Exercise data:
*** Begin section ***
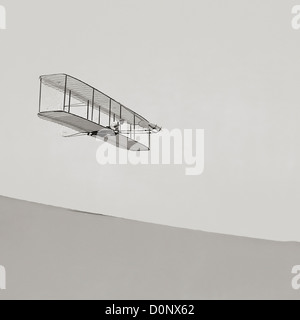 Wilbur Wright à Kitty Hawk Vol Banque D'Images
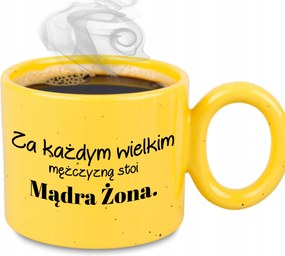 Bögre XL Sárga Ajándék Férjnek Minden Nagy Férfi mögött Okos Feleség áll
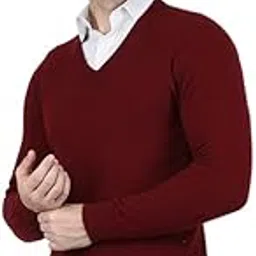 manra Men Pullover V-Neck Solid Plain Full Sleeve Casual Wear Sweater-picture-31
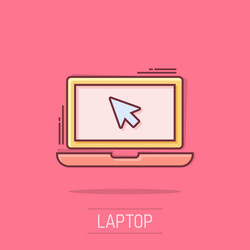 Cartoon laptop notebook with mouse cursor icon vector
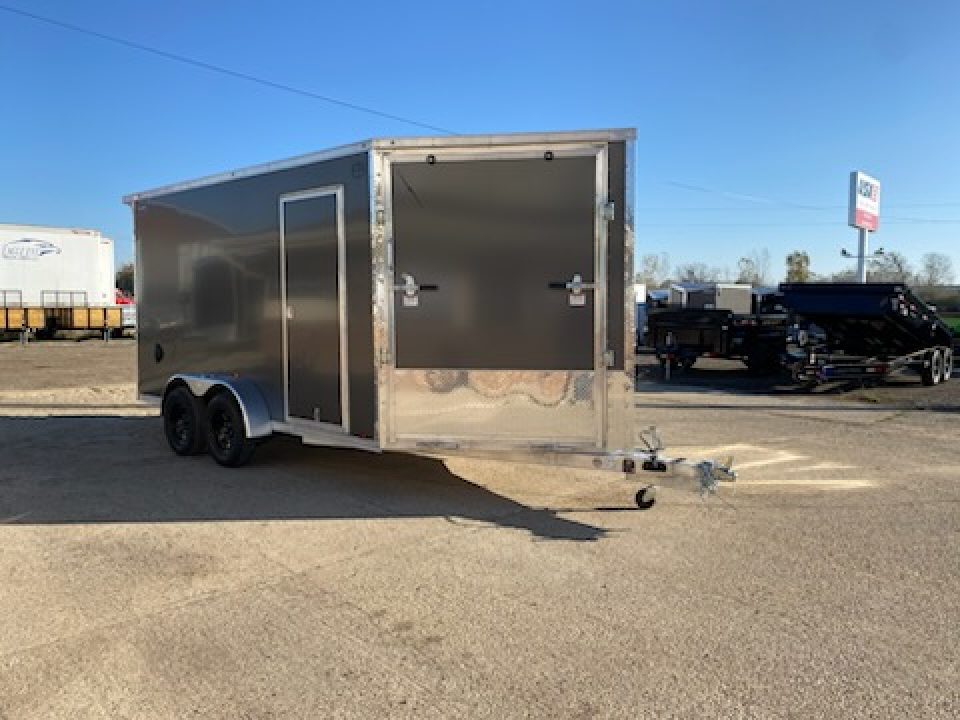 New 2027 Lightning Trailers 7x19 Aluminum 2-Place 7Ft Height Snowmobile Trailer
*** End section ***
What this task involves: The records above are to be repeated exactly, with the pictures left out.

Reply to the exercise:
 Wilbur Wright à Kitty Hawk Vol Banque D'Images
 Bögre XL Sárga Ajándék Férjnek Minden Nagy Férfi mögött Okos Feleség áll
 manra Men Pullover V-Neck Solid Plain Full Sleeve Casual Wear Sweater-picture-31
 Cartoon laptop notebook with mouse cursor icon vector
 New 2027 Lightning Trailers 7x19 Aluminum 2-Place 7Ft Height Snowmobile Trailer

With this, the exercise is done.